I heard a long moan of pleasure escape my lips as his fangs pierced the sensitive skin of my neck.
- I love you, Bernard.
- Rebecca Elise Young, what the hell do you have in mind?
- Bernard Holland is a vampire. You're fucking a vampire!
"I know what he is," I said irritably.
- Ah, so you think you are an expert on the subject, right?
Yes, that was it. Bernard loved me and he had already told me and taught me about vampires. I should never have let Corrie's drug find out about my affair with him. She was a wolf, obviously she wasn't going to like vampires, let alone the idea that I was getting involved with one.
Besides, she had always been very protective. Not that it was a bad thing, on the contrary, it was with these attitudes that you realized how she really cared for you, how she was a friend who was worth gold. However, I was too angry with her at the time to recognize the value of her actions. I loved Bernard too much and just wanted her to accept him and accept that even though he was a vampire, he made me happy.
"Don't even answer," she said, guessing my answer. - I've known you forever. - I rolled my eyes. It was good that she didn't use the “worried best friend who plays the victim” trick with me, it would be useless. - He sure must have put a lot of shit in your head. How he loves you and would like to live forever with you, but he refuses to transform you because he doesn't want you to spend eternity having to suck the blood of others to survive. As vampires are not evil; they drink from the victim without making him feel pain, sometimes even feeling pleasure; leave no bruises or scars; and still erase the human’s memory so he or she doesn’t have to live with the frightening memory of being bitten.
My eyes didn't lie, I was surprised. How did Corrie know all this? How did she know and be so sure that that was what Bernard had told me?
- W-how do you ...
"But I bet," she interrupted me, "that he didn't tell you that you're becoming one of his sheep."
Okay, now I was confused. Sheep? I had never heard of sheep.
- What are sheep? I asked, swallowing my pride. She was right, he hadn't told me about it.
"The sheep," she began, wisely dismissing the opportunity to rub my face that she was right, "are the humans that vampires feed on." Make no mistake, all vampires feed on human blood, there is no such nonsense of “vegetarian vampires”, but there are some vampires who feed on donations of blood donated or stolen from hospitals. The oldest and most powerful do not need human blood, they drink from vampires that they themselves created or from other supernatural creatures, such as witches and even werewolves.
"But vampires who feed on human blood almost always have a small flock of sheep," he continued. - And I do not believe that your Bernard is an exception. When a vampire drinks from the same human regularly, that human will become one of his sheep, obeying everything his master says and without aging, until the master gets tired of him and loosens his bonds with the human.

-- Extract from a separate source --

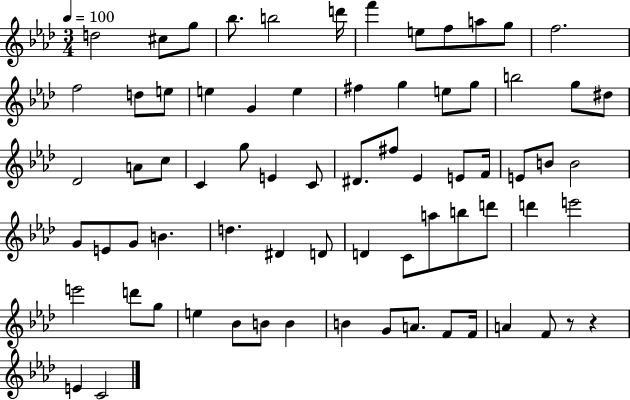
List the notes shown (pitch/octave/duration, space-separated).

D5/h C#5/e G5/e Bb5/e. B5/h D6/s F6/q E5/e F5/e A5/e G5/e F5/h. F5/h D5/e E5/e E5/q G4/q E5/q F#5/q G5/q E5/e G5/e B5/h G5/e D#5/e Db4/h A4/e C5/e C4/q G5/e E4/q C4/e D#4/e. F#5/e Eb4/q E4/e F4/s E4/e B4/e B4/h G4/e E4/e G4/e B4/q. D5/q. D#4/q D4/e D4/q C4/e A5/e B5/e D6/e D6/q E6/h E6/h D6/e G5/e E5/q Bb4/e B4/e B4/q B4/q G4/e A4/e. F4/e F4/s A4/q F4/e R/e R/q E4/q C4/h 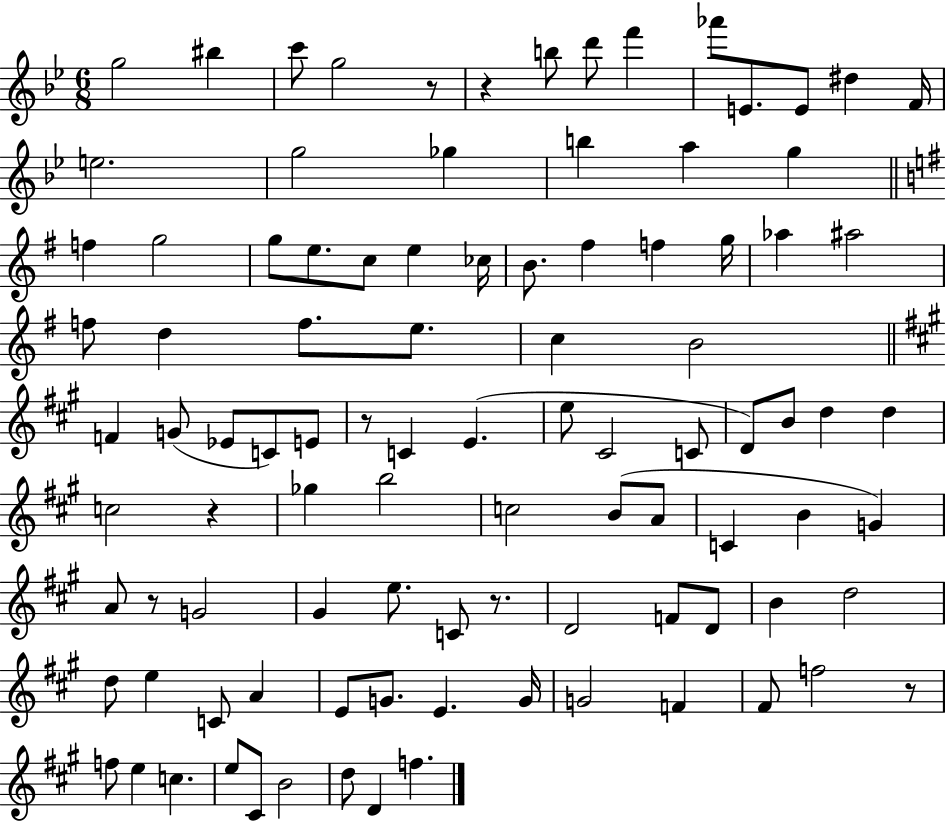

When this happens, the human dies of depression or suicide, because his master stopped loving him, abandoned him.
This was all new to me. He had never told me any of this. But he loved me, I was sure. He certainly should have some reason to hide it from me.
- Knowing you, I know you will not stop meeting him.
"I love you," I replied simply.
- He hadn't told you these things. - It wasn't a question.
- He loves me.
Corrie blew out a long, tired breath. He sat in the chair of his huge living room that was opposite the chair where I was sitting. Her blue eyes were examining me and her brow was furrowed, a sign that she was focused, trying to solve a difficult problem. In this case, a problem called Becca Young. She looked down and put her hand on her temple, as if she had a severe headache.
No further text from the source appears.